William Peter Randall (born November 27, 1964 in Barrie, Ontario) is a Canadian musician and municipal politician.

While studying recorded music production and general arts and science at Fanshawe College in London, Ontario, he hinted at a later political career by serving as General Arts and Sciences Member At Large. He then moved to Toronto to pursue acting and a music career.
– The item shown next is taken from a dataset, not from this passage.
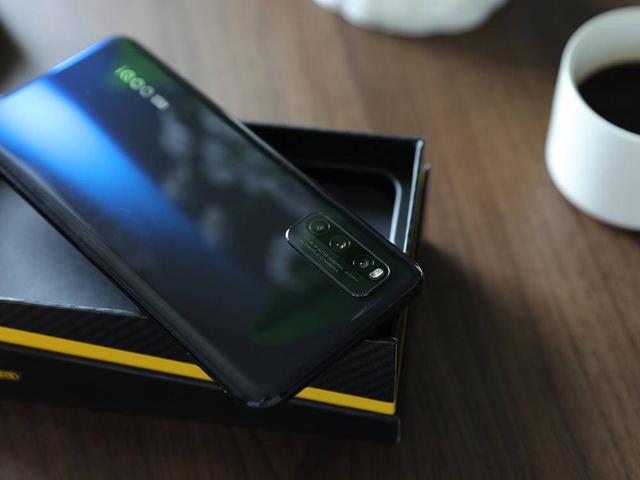 实测iQOO Z1：从颜值到性能，这部手机征服了我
His first release with his band Timeline was entitled Living on the Timeline and released on Random Records in 1986. Two solo albums followed, Better Times in 1988 and Slapped in the Face by a Rainbow in 1990. Some of these tracks were featured on New Stuff new artist samplers.

With a new band in tow, Peter Randall and the Raindogs, he travelled and made multiple appearances on shows such as Citytv Toronto's Breakfast Television and Lunch Television. Their debut self-titled release was produced by Ken Greer of Red Rider fame at Metalworks Studios in Mississauga and released in 1994.

Randall's travels and humanitarian work have led him from Israeli Kibbutz to Goa, India seniors homes, animal shelters and kindergartens and Nicaraguan schools outside Managua, where he worked as a volunteer with The Canadian Light Brigade.

Settling down in wine country in Lincoln, Ontario, Randall was first elected as a town Alderman in 2000. He was then elected as Councillor for Ward Four in 2006.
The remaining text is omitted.